New York Times columnist Ross Douthat spoke on religious liberty debate that has evolved since early 1960s
The frequently discussed and debated concept of religious liberty has become a focal point of political discourse in the modern era. Ross Douthat—the youngest opinion editorial writer in the history of the New York Times—has devoted numerous columns to this topic, and he gave a keynote address as part of Notre Dame’s 2015-2016 “Faith, Freedom, and the Modern World” forum last Wednesday.
Entitled “Catholic Freedom and Secular Power: How the Religious Liberty Debate Has Changed Since Vatican II,” Douthat’s talk explored how the Catholic Church made its peace with liberal democracy during America’s founding and how it has faced numerous challenges since those early days. Discussions of religious liberty are particularly timely, Douthat noted, as this year marks the 50th anniversary of Dignitatis Humanae, in which the Catholic Church spells out its intention to protect religious liberty. Most importantly, this document of the Second Vatican Council outlined the way in which the Church could exist, and flourish, within secular states.
Dignitatis Humanae places the responsibility of protecting religious freedom in the hands of the state. It reads: “The protection and promotion of the inviolable rights of man ranks among the essential duties of government. Therefore government is to assume the safeguard of the religious freedom of all its citizens, in an effective manner, by just laws and by other appropriate means.”

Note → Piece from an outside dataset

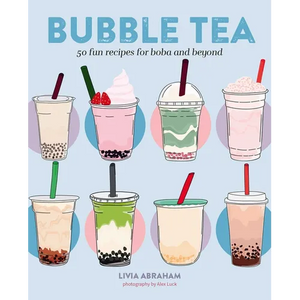 Bubble Tea: 50 Fun Recipes for Boba and Beyond - Hardcover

Douthat noted that during the time of this document’s drafting, the Catholic Church was thriving in America, as the ranks of the church were expanding and the number of vocations was growing. The document has different resonance today, however, because we are confronted with a much different reality of church-state relations. Douthat asserted, “[I]t is more difficult to be Catholic today in America, especially for youths, than in the mid-twentieth century.”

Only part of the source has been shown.